Return precisely the opening lines of the listing below, ending with the line that contains "I'd like to".

## PROVIDED DATA
════
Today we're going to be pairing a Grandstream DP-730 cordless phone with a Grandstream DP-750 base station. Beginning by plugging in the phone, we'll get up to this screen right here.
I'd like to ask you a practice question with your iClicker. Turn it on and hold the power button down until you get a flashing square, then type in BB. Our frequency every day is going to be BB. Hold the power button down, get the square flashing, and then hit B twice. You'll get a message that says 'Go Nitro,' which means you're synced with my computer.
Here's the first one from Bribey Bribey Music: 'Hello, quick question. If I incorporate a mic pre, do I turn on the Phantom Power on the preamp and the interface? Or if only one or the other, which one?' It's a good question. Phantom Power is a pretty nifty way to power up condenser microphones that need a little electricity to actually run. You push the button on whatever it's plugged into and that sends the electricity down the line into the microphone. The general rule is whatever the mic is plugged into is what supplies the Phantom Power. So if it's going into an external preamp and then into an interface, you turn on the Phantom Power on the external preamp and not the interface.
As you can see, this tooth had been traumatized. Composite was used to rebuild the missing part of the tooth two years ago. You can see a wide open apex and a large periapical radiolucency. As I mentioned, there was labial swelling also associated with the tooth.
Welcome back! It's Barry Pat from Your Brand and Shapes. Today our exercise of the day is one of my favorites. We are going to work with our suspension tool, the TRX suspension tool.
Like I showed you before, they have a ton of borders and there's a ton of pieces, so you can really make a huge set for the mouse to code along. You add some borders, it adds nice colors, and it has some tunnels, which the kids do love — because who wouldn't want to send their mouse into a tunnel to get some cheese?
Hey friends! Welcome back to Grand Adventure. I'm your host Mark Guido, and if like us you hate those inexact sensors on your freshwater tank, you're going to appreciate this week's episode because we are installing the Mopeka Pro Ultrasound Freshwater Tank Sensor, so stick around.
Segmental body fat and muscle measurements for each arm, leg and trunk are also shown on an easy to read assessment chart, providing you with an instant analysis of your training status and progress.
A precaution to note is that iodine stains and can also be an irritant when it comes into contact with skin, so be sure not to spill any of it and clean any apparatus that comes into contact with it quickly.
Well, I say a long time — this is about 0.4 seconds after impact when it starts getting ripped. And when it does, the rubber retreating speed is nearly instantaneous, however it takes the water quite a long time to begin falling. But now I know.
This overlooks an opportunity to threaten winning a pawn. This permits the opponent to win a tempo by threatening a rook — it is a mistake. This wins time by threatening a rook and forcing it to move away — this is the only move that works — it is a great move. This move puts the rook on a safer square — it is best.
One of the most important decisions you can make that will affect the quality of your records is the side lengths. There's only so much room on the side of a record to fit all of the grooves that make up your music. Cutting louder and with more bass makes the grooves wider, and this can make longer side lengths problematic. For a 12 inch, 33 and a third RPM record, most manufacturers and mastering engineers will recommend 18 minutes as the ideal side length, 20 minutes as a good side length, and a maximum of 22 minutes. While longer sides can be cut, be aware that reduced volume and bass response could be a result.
════
## EXPECTED ANSWER
Today we're going to be pairing a Grandstream DP-730 cordless phone with a Grandstream DP-750 base station. Beginning by plugging in the phone, we'll get up to this screen right here.
I'd like to ask you a practice question with your iClicker. Turn it on and hold the power button down until you get a flashing square, then type in BB. Our frequency every day is going to be BB. Hold the power button down, get the square flashing, and then hit B twice. You'll get a message that says 'Go Nitro,' which means you're synced with my computer.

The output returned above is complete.